John MacLachlan Gray is a writer-composer-performer for the stage, television, film, radio, and print. He is best known for his stage musicals. Billy Bishop Goes to War was produced on Broadway by Mike Nichols in 1980, and was the most produced show in America for four years. He has received the Governor General’s Medal, the Gordon Montador Award, a Los Angeles Critic’s Circle Award, a gold at the New York Television Festival, and a silver Hugo. He lives in Vancouver with his wife and two sons.

Rezensionen

This Victorian thriller takes readers not only upstairs and downstairs but also into London's creepiest alleyways, pubs, and gaming clubs (the scene of horrifying rat fights).
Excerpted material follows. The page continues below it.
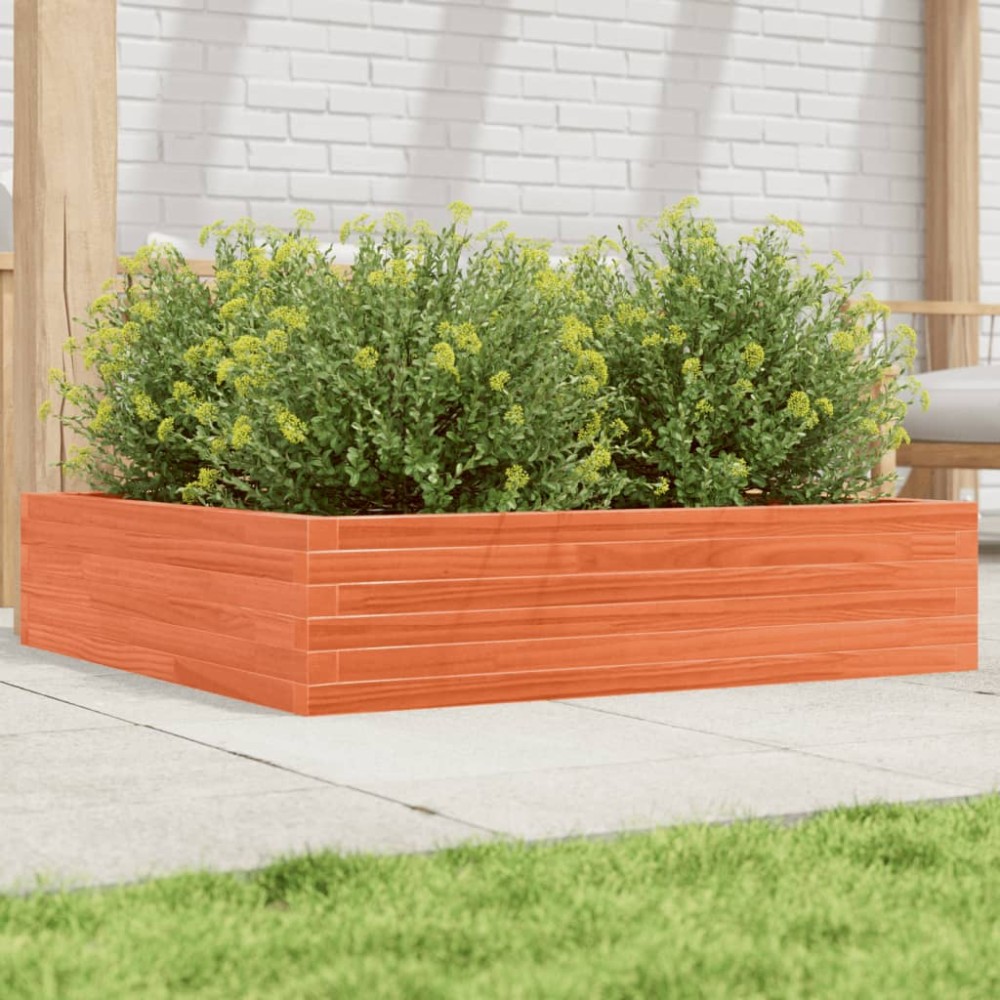 vidaXL Jardinieră de grădină, maro ceruit, 100x100x23cm lemn masiv pin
Gray weaves several plot elements together: Vicar Boltbyn (based on Lewis Carroll) delights in taking photos of the lovely young sisters Emma and Lydia, but he is not the only one interested in the girls; the Duke of Danbury, a photographer of a more dangerous and lascivious sort, also finds Emma a comely subject. Edmund Whitty, a Fleet Street journalist, finds himself caught up in a web of murder, spiritualism, and the slave trade. He spends much of the book getting some part of his body bashed, especially after learning that his brother might have been involved with a secret ring. The plot twists, as curving as a London street, aren't always easy to follow, but Gray teases a brilliant portrait of nineteenth-century British life from the story's many strands. He also manages to take familiar, even stock characters and paint them fresh and frighteningly new. Put this in the hands of those who liked Caleb Carr's The Alienist. Ilene Cooper
Copyright © American Library Association. All rights reserved

In Gray's gripping second novel to feature Edmund Whitty (after 2003's The Fiend in Human), the Victorian journalist agrees to go undercover to expose a phony psychic. At a séance in a dilapidated London town house, Whitty is contacted by the spirit of his brother, David, a highly successful Oxford scholar and athlete who drowned mysteriously during a crew race years earlier. Meanwhile, at Crouch Manor in Oxfordshire, the Rev. William L. Boltbyn (inspired by Lewis Carroll) enjoys photographing young girls and then placing small white stones in his diary to mark particularly good days. Boltbyn's current subjects are Emma and Lydia Lambert, daughters of a cold and distant fellow cleric who's oblivious to the dangers they face. These intrigues eventually intersect when Whitty receives a compromising photograph of his late brother with a young girl resembling Emma. Punctuated by graphic newspaper reports, clever poems and puzzles, this thriller builds to a tense and riveting climax. (Dec.)